Centralized Logging with journald and Standard Linux Tools

Every modern Linux distribution ships with journald as its logging system. It captures logs from system services, the kernel, and applications in a structured, indexed format. Rather than fighting this or replacing it with something else, I decided to embrace journald as the foundation of my centralized logging architecture.

The goal is simple: collect logs from all my systems into a central location, store them in a stable format that will be readable for years, and be able to load them into tools like Elasticsearch whenever I need to analyze them. No vendor lock-in, no proprietary formats, just plain JSON files on disk.

The architecture has three parts: getting data into journald, shipping it to a central server, and storing it durably.

Getting Data Into journald

Most applications already write to journald by default when running as systemd services. The interesting cases are containers and network devices.

Docker and Container Orchestrators

Docker provides a journald logging driver that sends container logs directly to the host's journal. Both HashiCorp Nomad and Kubernetes can use this driver. The key benefit is that container logs gain all the structured metadata that journald provides, plus you can add your own.

Here's how I configure a Nomad task to use the journald logging driver:

task "hello-world" {
  driver = "docker"

  config {
    image = "akroh/hello-world:v3"

    labels {
      owner = "website@example.com"
    }

    logging {
      type = "journald"
      config {
        tag    = "${NOMAD_JOB_NAME}"
        labels = "owner"
        env    = "NOMAD_ALLOC_ID,NOMAD_JOB_NAME,NOMAD_TASK_NAME,NOMAD_GROUP_NAME,NOMAD_NAMESPACE,NOMAD_DC,NOMAD_REGION,NOMAD_ALLOC_INDEX,NOMAD_ALLOC_NAME"
      }
    }
  }
}

The tag option sets the SYSLOG_IDENTIFIER field, making it easy to filter logs by job name. The labels option includes Docker labels as journal fields, and env includes the specified environment variables. This metadata becomes invaluable when you need to correlate logs across services.
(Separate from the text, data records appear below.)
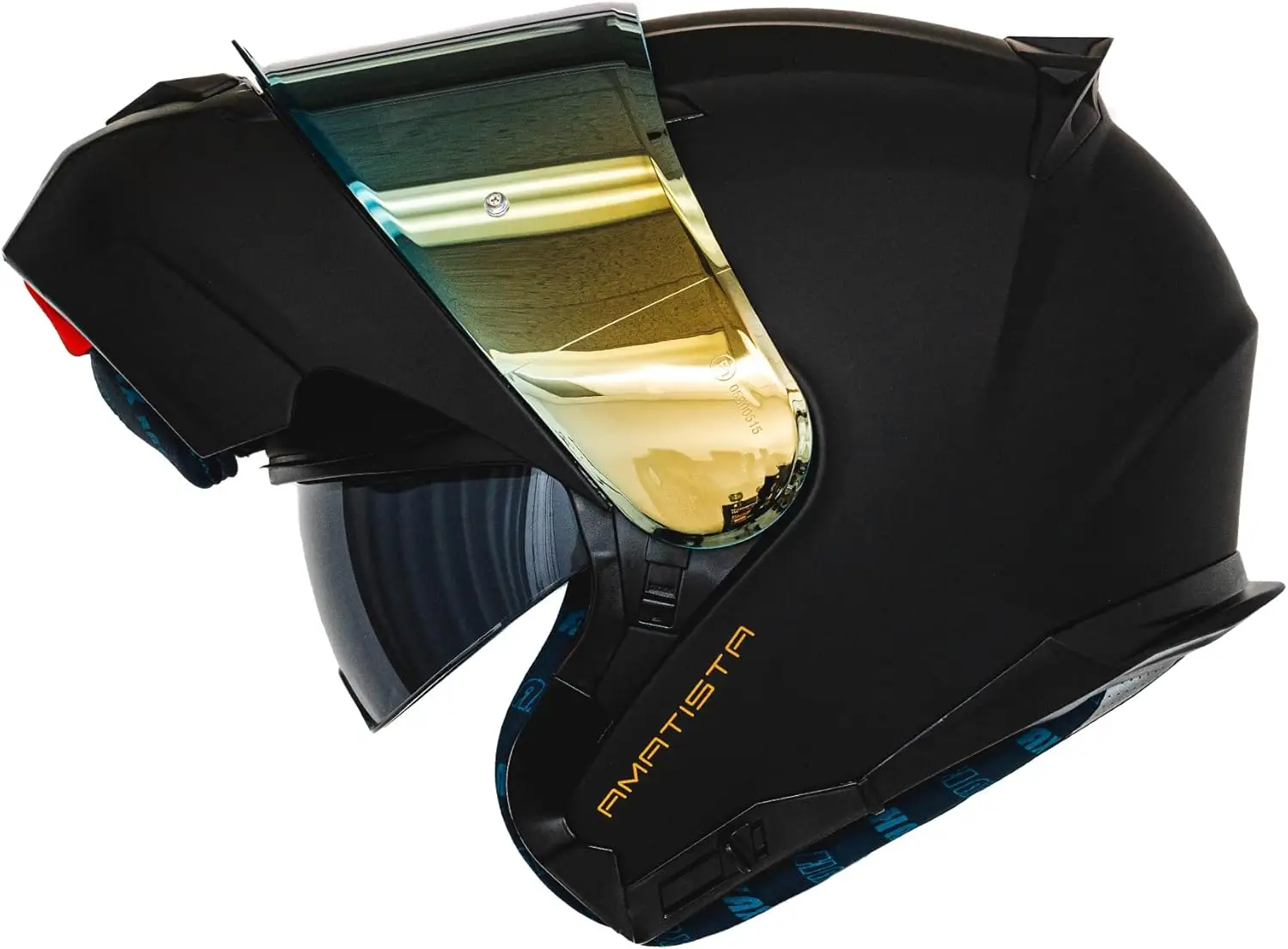 Amatista Modular Flip-Up Dual Visor Motorcycle Helmet - DOT/ECE Approved, Lightweight, Comfortable, and Stylish Helmet for Men a
Amatista Modular Flip-Up Dual Visor Motorcycle Helmet - DOT/ECE Approved, Lightweight, Comfortable, and Stylish Helmet for Men a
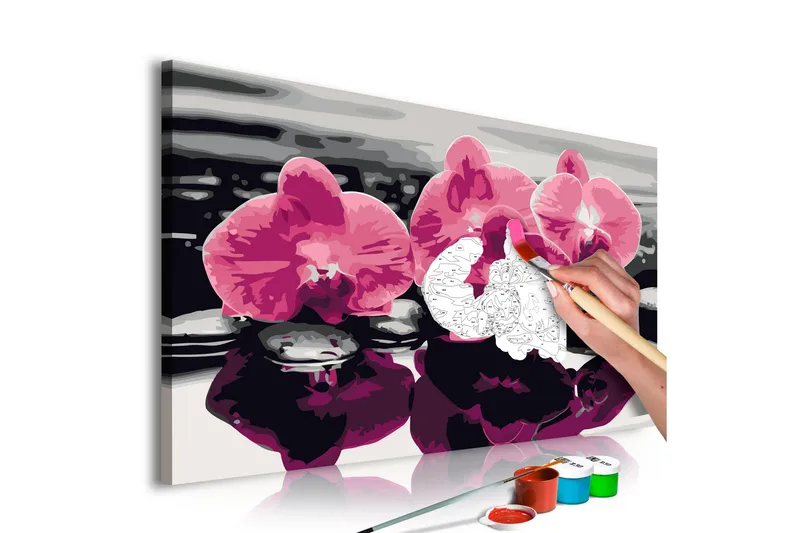 Gjør-det-selv-maleri Tre orkideer 60x40 cm, Artgeist sp. z o. o.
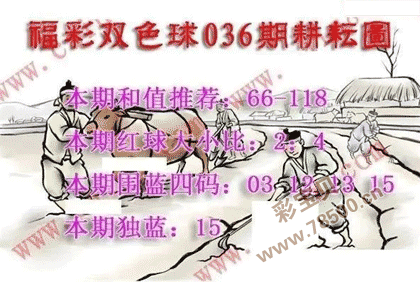 第2022036期福彩双色球耕耘图谜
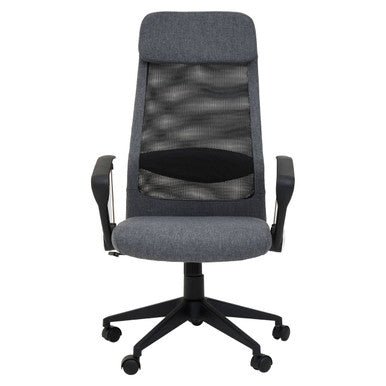 Brent Black Mesh And Grey Fabric Home Office Chair 1 - Online Bedrooms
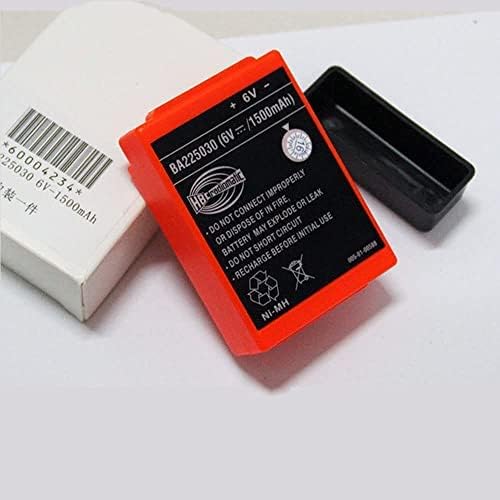Paquete de 1 para HBC Radiomatic BA225030 6V 1500mAh batería Ni-Mh recargable para grúa HBC Control remoto bomba camión batería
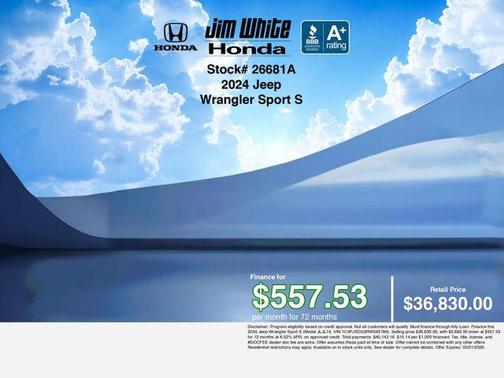 2024 Jeep Wrangler Sport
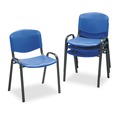 Office & Office Supplies | Safco 4185BU Supports up to 250 lbs. Stacking Chairs - Blue Seat/Back, Black Base (4 Chairs/Carton) image number 0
When a container writes a log line, it appears in the journal with all this context:

{
  "CONTAINER_ID": "0f07251e631e",
  "CONTAINER_NAME": "server-c10085f7-a59f-4132-3f01-c9050a0303bd",
  "CONTAINER_TAG": "phone-notifier",
  "OWNER": "website@example.com",
  "IMAGE_NAME": "docker.example.com/phone-notifier:v12",
  "MESSAGE": "10.100.8.98 - - [18/Dec/2025:22:35:06 +0000] \"POST /v1/notify HTTP/1.1\" 200 598",
  "NOMAD_ALLOC_ID": "c10085f7-a59f-4132-3f01-c9050a0303bd",
  "NOMAD_DC": "va",
  "NOMAD_JOB_NAME": "phone-notifier",
  "NOMAD_TASK_NAME": "server",
  "PRIORITY": "6",
  "SYSLOG_IDENTIFIER": "phone-notifier",
  "_HOSTNAME": "compute01.va.local.example.com",
  "_TRANSPORT": "journal"
}

Network Devices via rsyslog

Network devices like switches, routers, and IP phones typically send logs via syslog over UDP. You can configure rsyslog to receive these and forward them into journald, preserving the original message and adding metadata.

Create /etc/rsyslog.d/10-syslog.conf:

module(load="omjournal")
module(load="imudp")

input(type="imudp" port="514" ruleset="syslog-to-journald")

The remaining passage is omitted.